今日、神戸はスッキリとした青空が拡がった。
歩きながら、ふと思った。
「不自由を選べるほど、わたしたちは自由だ」
改めて、自分が観る世界を省みる。
わたしはどれだけカルマを昇華し、どれだけ徳を積めているのだろうか。
人生史をめくってみれば、散々なことがたくさんあった。
「私の頭の中の消しゴム」という韓国映画が昔あったが、わたしには消しゴムで消したいと何度も思った過去がある。

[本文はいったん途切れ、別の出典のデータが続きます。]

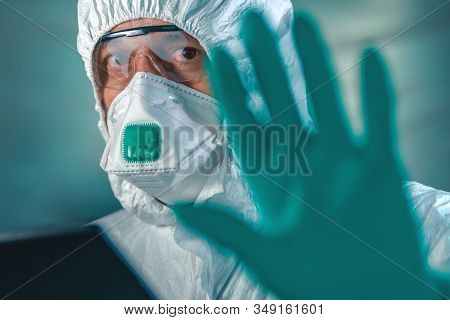 Epidemiologist Gesturing Stop Hand Sign In Coronavirus Quarantine, Selective Focus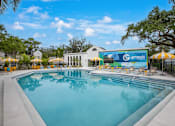 Thumbnail 3 of 34 - A large swimming pool with a Genesis sign in the background.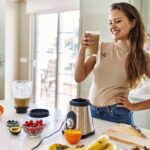Woman making a vanilla protein shake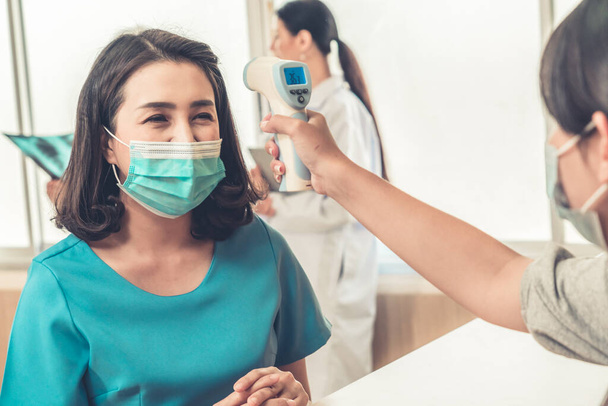 Receptionist en gast dragen gezichtsmasker aan de receptie tijdens een gesprek in kantoor of ziekenhuis. Covid 19 en coronavirus bescherming en beschermende beleid concept . - Foto, afbeelding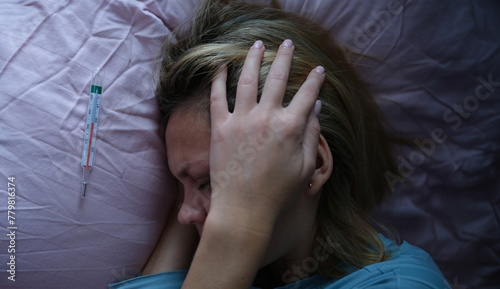 Young woman in bed and holding her head near mercury thermometer. Symptoms of bacterial meningitis concept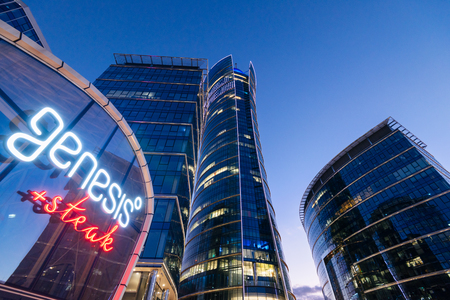 Warsaw, Poland - Oct 21, 2018: Office building Warsaw Spire at Night and the neon sign of a popular steak restaurant called Genesis, Warsaw, Poland.のeditorial素材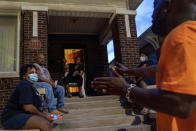 Demetrius Mingo, right, an outreach worker with the Target Area Development Corporation, a nonprofit that addresses stubborn local problems, talks with residents while making rounds looking to mediate conflicts in the Auburn Gresham neighborhood in Chicago, Saturday, Aug. 22, 2020. The group has also walked the streets to warn one segment of the population, victims and perpetrators of gun violence, of the dangers of a virus they could unwittingly pass on to their families. (AP Photo/David Goldman)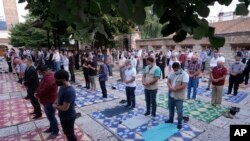 Worshippers wearing masks to help stop the spread of the coronavirus, offer Eid al-Adha prayer while maintaining a social distance in front of the Gazi Husrev-beg mosque in Sarajevo, Bosnia, Friday, July 31, 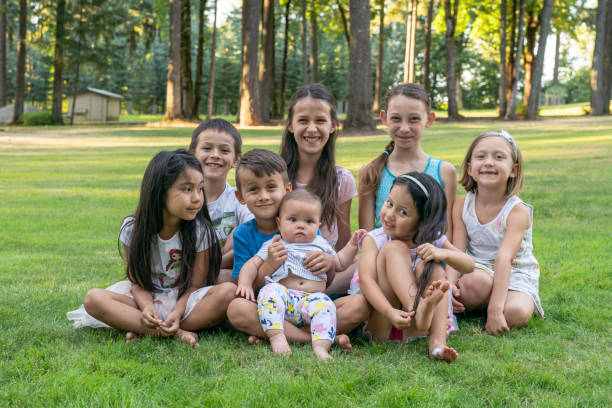 retrato de un grupo multiétnico de niños sentados en la hierba afuera - cousin fotografías e imágenes de stock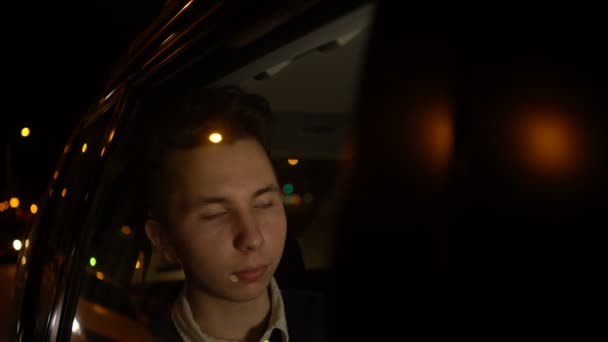 Retrato de un adolescente guapo viajando en un taxi con un conductor en la ciudad nocturna. Imágenes de 4k — Vídeo de stock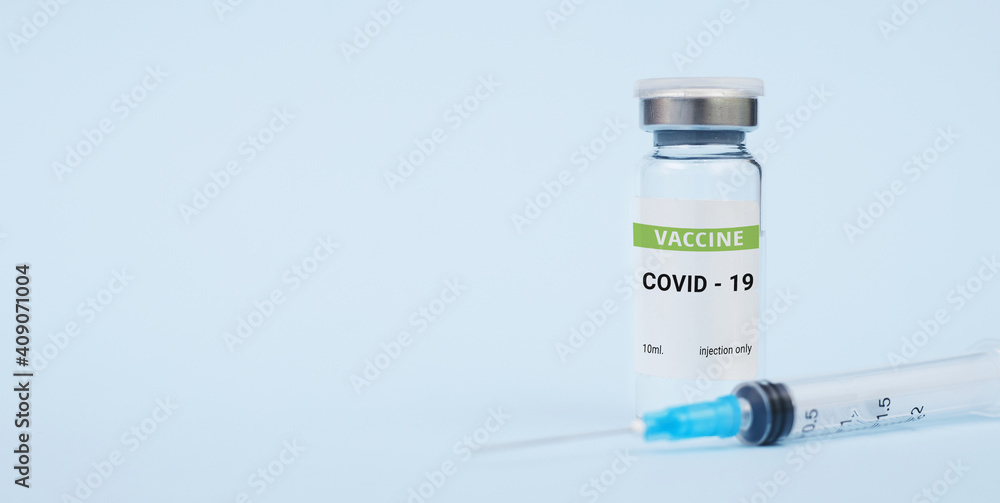 Vaccine against coronavirus, covid-19 concept. on a blue background. copy space, banner Vaccine against coronavirus, covid-19 concept. on a blue background. copy space, banner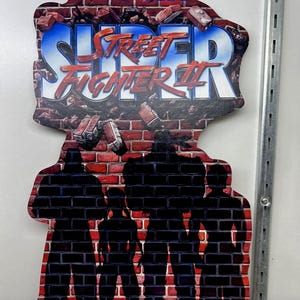 May include: A Super Street Fighter II sign featuring the Capcom logo and game title in red and blue. The background is a brick wall with silhouettes of characters. Includes Nintendo and Sega Genesis logos.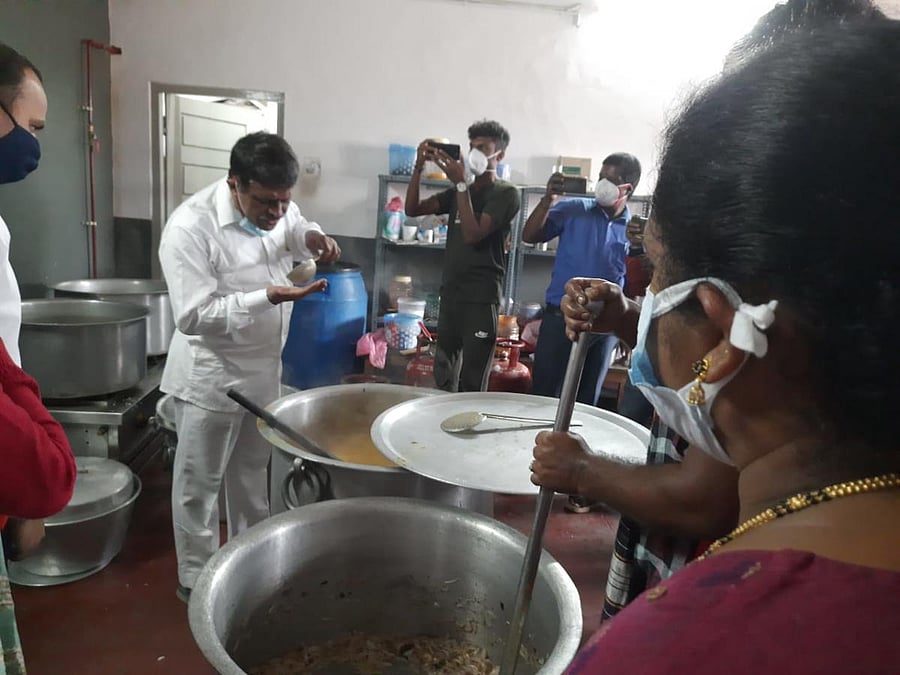 Madikeri MLA Appachu Ranjan M P checks the quality of food provided to Covid-19 patients at the Designated Covid-19 Hospital in Madikeri.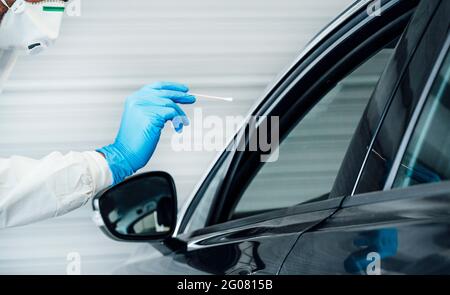 Biologe mit Schutzhandschuhen, der einen Coronavirus-Test an einem durchführt Person in einem Auto Stockfoto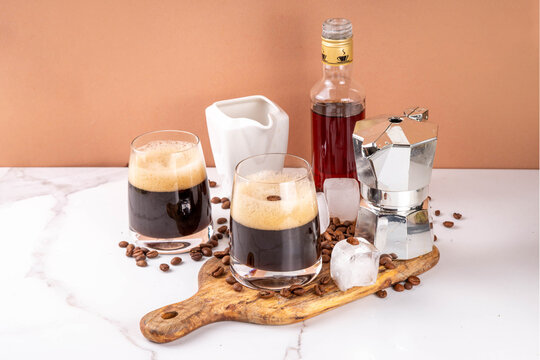 Trendy viral italian iced coffee drink caffee shakerato, cold summer whipped coffee with simple Liqueur and ice in tall glasses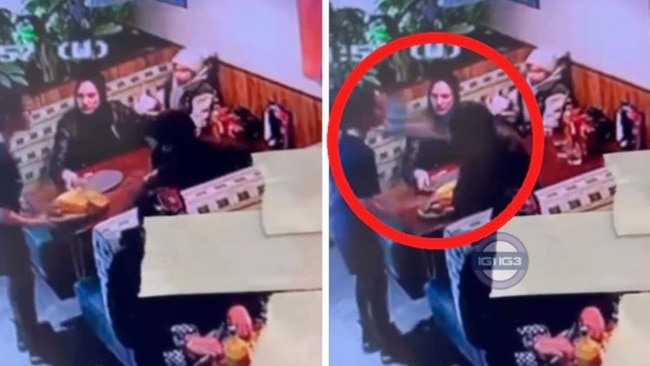 Police have arrested a man after a viral video showing a waitress being slapped with a plate.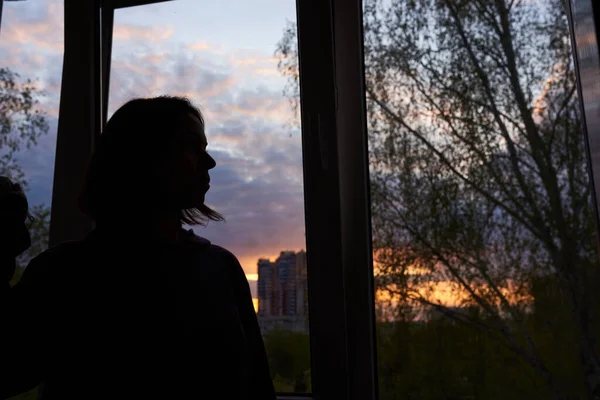 Woman near window at sunset in isolation at home for virus outbreak. End of epidemic concept.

それにも関わらず、皮肉なもので、もはやトラウマ化した記憶がページを何度もめくり返した。
消されるどころか、より鮮明に強烈になっていった。
当時、頼れる人もいなかったし、頼りたい人もいなかった。
消化方法さえ全く見当がつかず、わたしは独りで白黒の世界でもがくしかなかった。
ある夏、そんな世界に一筋の「希望」をみつけた。
うだるような暑さで太陽を呪いながら、目を伏せた瞬間、目が留まったのだ。
そこには、アスファルトに咲いている白い花がいた。
なぜかわからないが、その瞬間、涙がこぼれた。
「こんな小さな花でも、こんな環境で咲くんだ」
信じられないくらい、わたしは泣いた。
それから、花が好きになった。
それまでも好きだったが、もっと好きになった。

先日、椿の絵を描いた。
・・・赤い椿の花言葉は「謙虚な美徳」らしい。
古代の哲学者アリストテレスは、美徳に関して
「優秀さは訓練と習慣の賜物である。
私たちは美徳と優秀さを持っているから正しく行動するのではない、むしろ正しく行動するから美徳と優秀さを持つ事ができるのである」
と残している。
まったくその通りだと、今ならよくわかる。
「与えたものが返ってくる」
蒔いた種は、いつか刈り取らなければならない。
わたしは今後も過去の罪を昇華していくだろう。
そしてプラスマイナスゼロとなった暁には、人徳者への道を歩めるはずだと信じている。
過去は悔いるためにあるのでも、苦しむためにあるのでもない。
学びとして振り返るためにある。
「過ぎ去った」と書いて、「過去」だ。
すべてのものは過ぎ去る。過去になっていく。
悔しければ、二度とその過ちを繰り返さないように精進することだ。
自分を責めていても、過去は変わらないのだから。
今から自分が精進していくしかないのだ。

花はだれの力も頼らず、生きている。
信じられないほど暑くても、寒くても、どうしてこんな運命なのかと花は呪うだろうか?
いや、きっと違うだろう。
花を見れば、それはわかる。
だってこんなに美しいのだもの。
美しいものには芯がある。
信念の「芯」がある。
花はきっと自分の過去や訪れる未来について、一喜一憂したりしないだろう。
花はだれの力もあてにしていない。
わたしたち人間も、他者や時代をあてにせず、自分を信じて成長しようではないか。
一番信じるべきは「自分自身」である。
「いい人生だった」と言える人生史を、記し続けよう。
そう言える人生を、わたしはもっとつくっていきたい。